The adventurers had stopped at an open room, large and filled with stone altars and the remains of wooden tables. And curiously, open stone slabs, placed symmetrically around the room.

  “Another prayer room? How strange. But this is definitely a temple, then.”

  “But why have a shrine underground? It makes no sense.”

  Ceria shook her head as she stared at the stone slabs placed around the room.

  “No. This is—different from above. What are those open places for? They look—big. Long enough to accommodate a body.”

  “A place to sleep? But why the place to pray?”

  Ceria shrugged. And then her eyes widened.

  “I know. This is a place to put dead bodies to be cleansed before they’re buried. This isn’t a temple. It’s a crypt.”

  The adventurers around her who heard that muttered, half in agreement, the other half worried. It was good and bad news. Ceria heard Gerial explaining why to Olesm behind her.

  “A crypt or a tomb is good because there’s probably treasure buried with the dead. But it usually means traps, ancient curses and hexes on the lid of tombs and so on. Not to mention the undead.”

  Yvlon raised her voice to be heard by the others.

  “It’s a good sign, though. We know there’s something valuable here. Any place with this much architecture had to be important.”

  Gerald nodded. He seemed happier than Ceria remembered ever seeing him.

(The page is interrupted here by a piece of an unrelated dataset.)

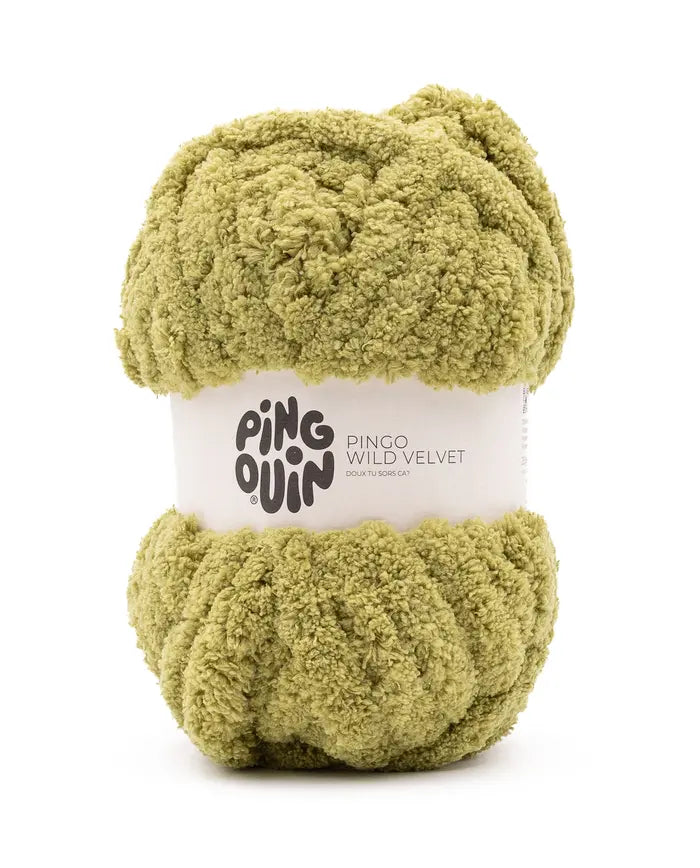 Pingo Wild Velvet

  “Could be powerful artifacts up ahead. Let’s keep moving.”

  “This is a good place to fall back to, though. See—there’s only two ways in and we can use that long corridor as a killing zone with our bows if we need to.”

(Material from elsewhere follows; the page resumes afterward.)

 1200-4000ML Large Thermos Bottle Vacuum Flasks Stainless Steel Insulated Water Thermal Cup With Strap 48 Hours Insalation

  Cervial pointed around the room. Yvlon nodded with the other Captains.

  “If we can’t find anywhere better we’ll camp here. But for now—let’s continue.”

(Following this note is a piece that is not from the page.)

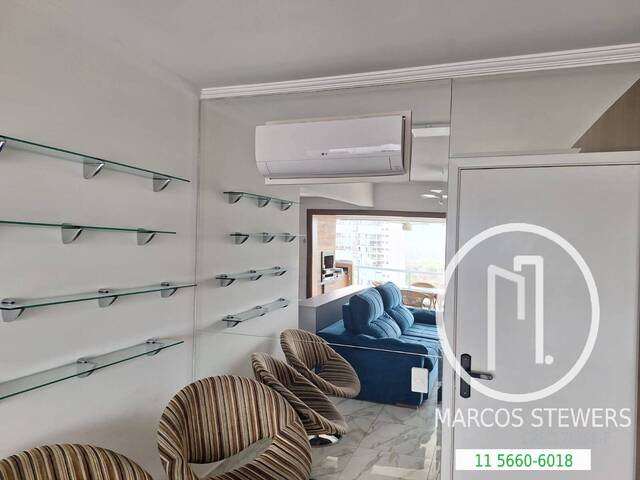 Apartamento para Comprar em Guarujá - 4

  The adventurers formed up again and moved onwards, a bit faster now that they knew what might lie ahead. A tomb, or perhaps a treasury for the dead. It made their hearts beat a little faster, their feet move a little quicker.

  Ceria was just about to ask Yvlon more about Ryoka and what she had been told about the girl when someone exclaimed up ahead. She and Yvlon pushed forwards again and found a split in their path.

  “What’s this? A split in the road? Which way did the scouts go?”

  Gerald growled while Calruz squatted on the ground and looked around for a sign.

  “No markings on the walls. Why didn’t they double back and warn us?”

  Yvlon frowned as Cervial and Lir both pushed their way forwards.

  “That is odd. Should we send a spell to contact them? Lir, you said your group used a short-distance communication spell, right?”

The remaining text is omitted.